Там, по белым водам, ходят, как правило, большие корабли; и Гонория заметила, что их бывает особенно много, когда на империю накатывается очередной вал гуннов; тогда знатные вельможи с семьями, чтобы избежать смерти, садятся на свои корабли, и те дрейфуют на горизонте, не опасаясь гуннов, потому что гунны флота не имеют.

Но зато этими моментами пользуются пираты, зная, что на кораблях знатных вельмож имеется захваченное из дому золотишко. Да уж лучше попасться в руки пиратов...

Гонория смотрит сейчас в морскую даль, прислушиваясь к звону в один колокол, отгоняющему нечистую силу, а так как с моря шла на остров чёрная туча, то благовест производится, чтобы «сокрушить молнии»...

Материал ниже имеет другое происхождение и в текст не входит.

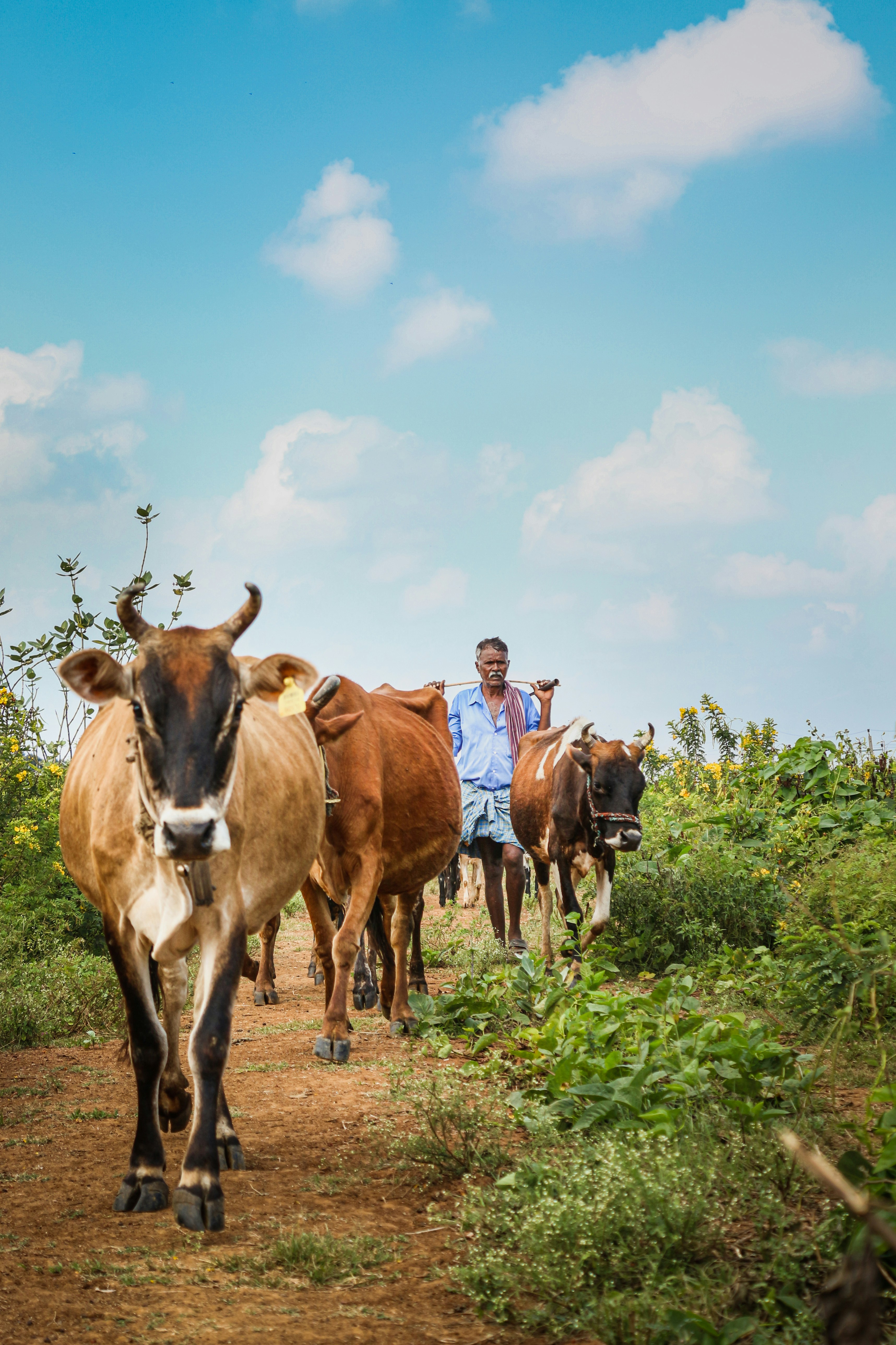 Photo by choudharyankith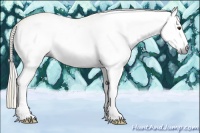 Horse Color:Gray White Spotted Silver Buckskin Roan 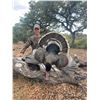 Image 7 : Goulds Turkey Hunt for 2 Mexico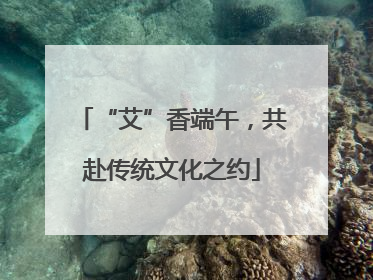 “艾”香端午，共赴传统文化之约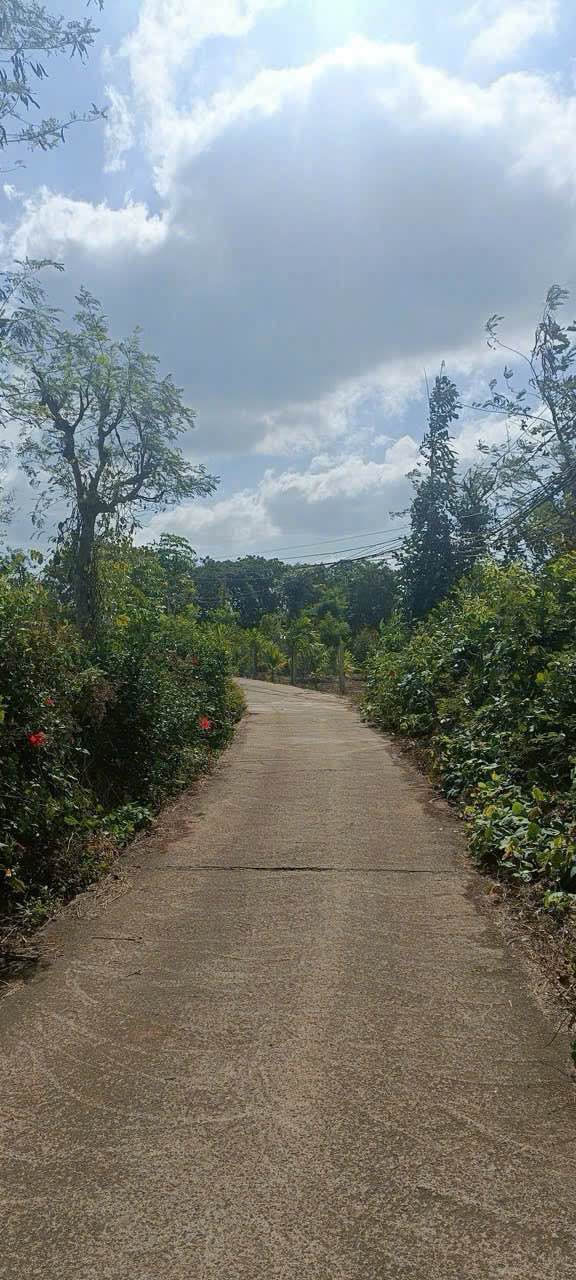 Đất thích hợp đầu tư tại xã Hòa Xuân 1382m² - Sổ đỏ chính chủ, giá tốt!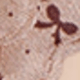 彩色
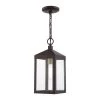 Nyack 1 Light Bronze with Antique Brass Cluser Outdoor Pendant Lantern by Livex Lighting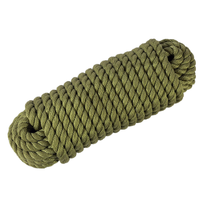 Corde en PP torsadée haute densité Danline 6mm 8mm 10mm Corde en PP tressée colorée pour l'emballage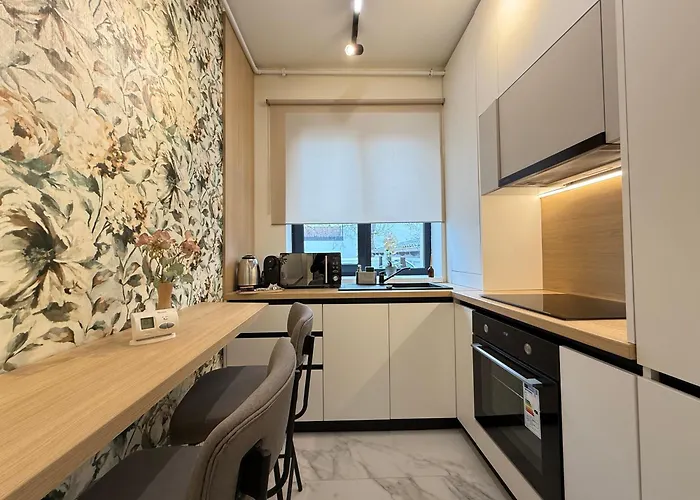 Luxury In Center Of Historical Lejlighed Braşov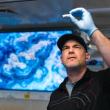 A life and science of adaptation
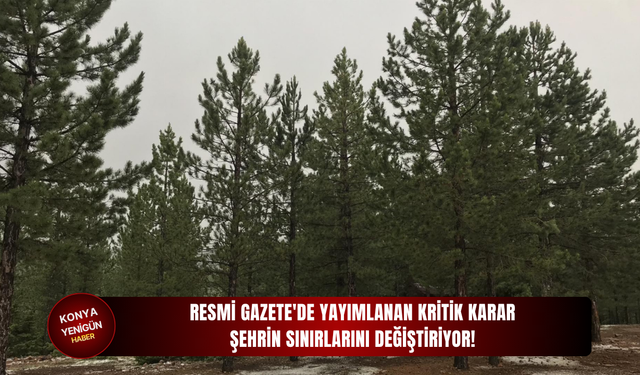 Resmi Gazete'de yayımlanan kritik karar şehrin sınırlarını değiştiriyor!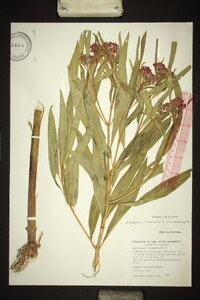 Asclepias incarnata var. incarnata image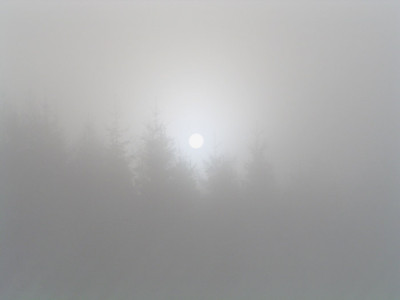 nebel1.jpg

«Если бы он также сокрушал все невзгоды и напасти, кои случаются с человеком... И сколько я ни вслушиваюсь в эти звоны, сколько ни молюсь, счастья мне это не приносит. За что, за какие грехи ты, Предвечный, меня наказуешь?!»— взывает к Вездесущему Гонория.

Хотя уж который год она молится в монастыре Христу Спасителю, но в молитвах по старой арианской привычке обращается к Единому Мироздателю.

Вот и снова произошла с римской Августой беда — Гонория решила на молитву надеть на палец кольцо с драгоценным камнем (почему такая блажь пришла ей в голову, и сама не объяснит; может быть, в память о возлюбленном Евгении, так как он подарил при расставании в Анконе это кольцо). И ведь знала, что инокиням не положено носить никаких украшений.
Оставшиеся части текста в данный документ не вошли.